Children and Tithing
If you observe an early childhood group of two year olds in a church or preschool the most common word you will here is “_________”. That’s right, the word, “mine”. Sharing is hard and giving things away is even more difficult. Although this may be a developmental characteristic of preschoolers, it carries on throughout life, particularly in American society. By the time children are in school their self identity is found in material things and money is battling for their hearts. This is the issue that Jesus addresses in Matthew 6:19-24 and is summed up in his pithy statement “you cannot serve both God and money”. Jesus seems to indicate that money has the ability to bring children under its control. He also seems to make a stark contrast between serving God and serving money. You cannot do both.
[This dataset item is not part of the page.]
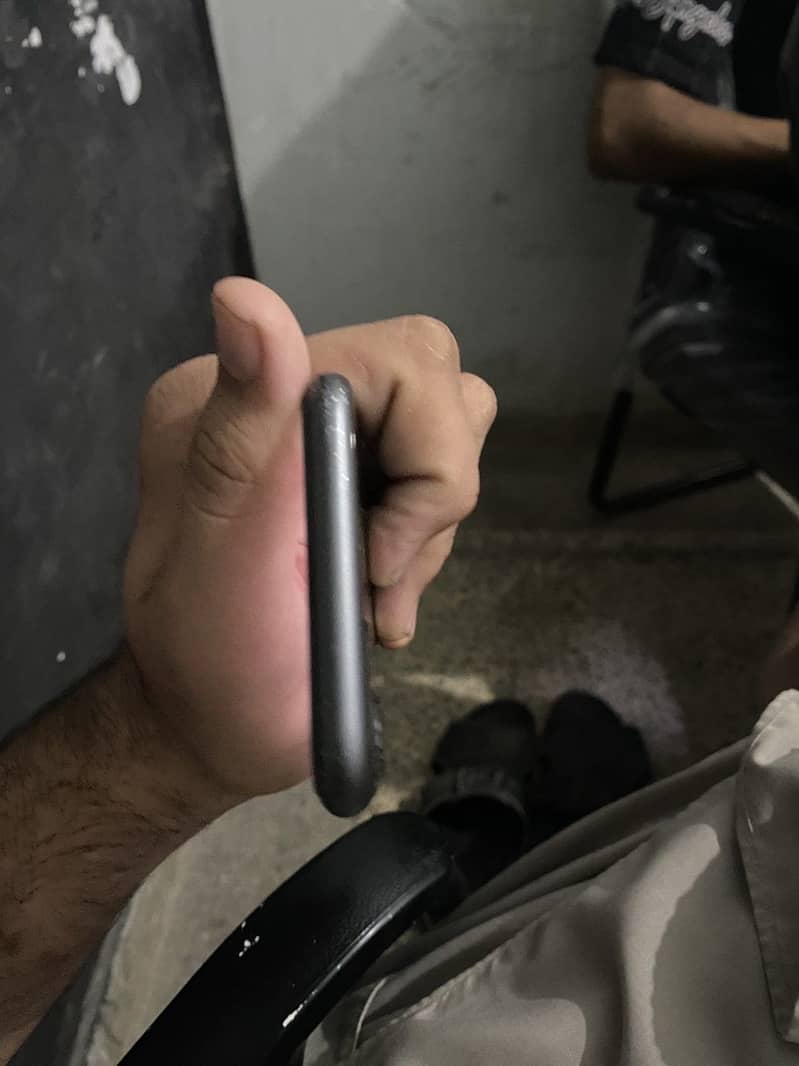 Apple iPhone 11 4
In a relatively wealthy society, like the United States, there are children facing an imminent threat of serving money and not God. Therefore, it seems crucial for parents, children’s workers and all who love children to help them become a servant of God and not of money.
Let me suggest that giving/tithing is a great tried and true biblical solution (Leviticus 27:30-32, II Chronicles 31:5-6). A tithe is simply the word for one-tenth. Giving a tenth of what we have to the LORD as an offering is a means of declaring that our heart is for God and not for money. Most children receive some kind of money such as allowance, birthday money, the crisp ten dollar bill for Christmas or money for chores. Let me suggest that this is the opportunity to help them declare their loyalty to God by giving 10% of that money as an offering in their church.
As children grow from the preschool years “mine” can be replaced by “give” as their favored word. Tithing can be a child’s heart declaration of commitment to God.